These study findings point to more affordable cancer medicine prices in countries with national pricing policies to enhance patient access as a result of policy action to ensure coverage.

Policymakers should consider the study results when they opt for external price referencing as a policy and define the reference countries for benchmarking.

1 Introduction

Cancer is a leading cause of mortality worldwide [1]. In middle-income (MICs) and high-income (HICs) countries cancer contributes to a considerable burden of disease [2,3,4]. Worldwide, MICs account for 68% of all deaths due to cancer, while HICs account for 29% [5]. This impacts the health systems in these countries as they aim to guarantee sustainable access to cancer care with comprehensive pharmaceutical treatment as a key component [1, 6,7,8,9,10].

For many types of cancers, pharmaceutical treatment accounts for a considerable share of healthcare expenditure [11,12,13]. Medicines exist for the treatment of most oncology diseases, and additional new medicines are expected to enter the market.
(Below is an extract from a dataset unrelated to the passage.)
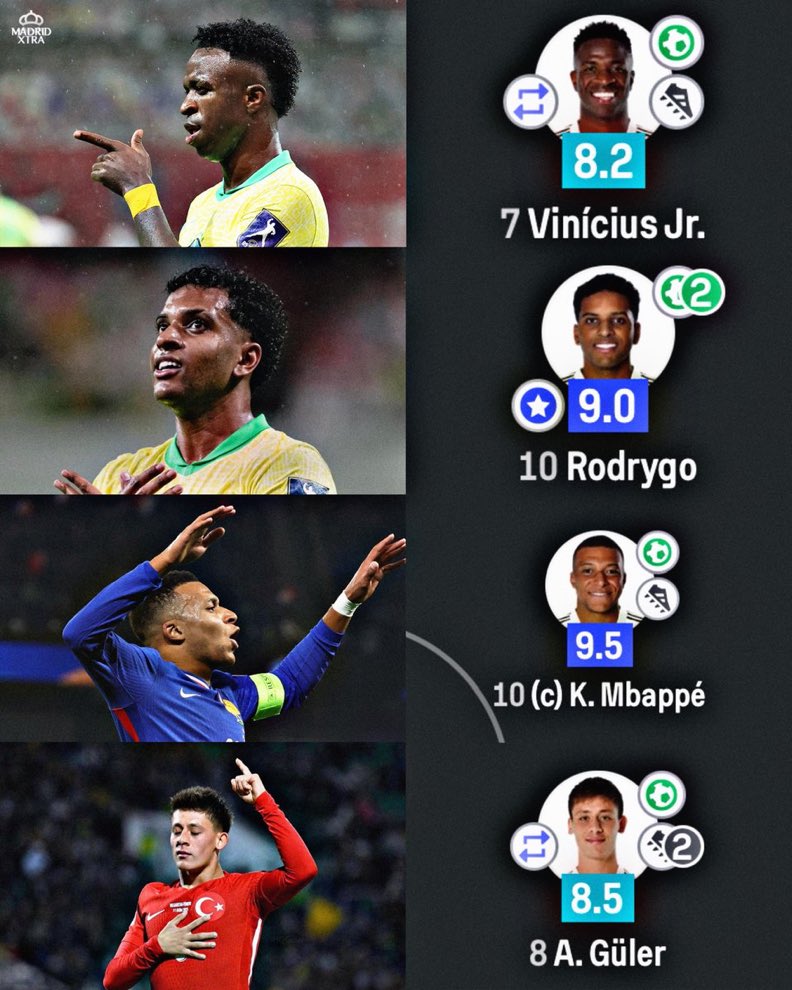 Rayyy942's tweet image. LES JOUEURS DU REAL MADRID ONT TELLEMENT CUISINÉ…🤩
Some medicines have provided better health outcomes, with fewer side effects [14], while the health benefits of other cancer medicines were assessed to be rather marginal [15,16,17].

Cancer medicines are usually expensive for both governments and patients [14, 18, 19]. Policymakers in MICs and HICs have been applying a mix of pricing and reimbursement policies, including external price referencing (EPR), health technology assessments (HTAs), price negotiations, and managed entry agreements (MEAs), to maintain the financial sustainability of the system while using various policy tools to promote and encourage access to high-priced medicines, including cancer medicines [20,21,22,23,24,25,26,27,28,29,30,31].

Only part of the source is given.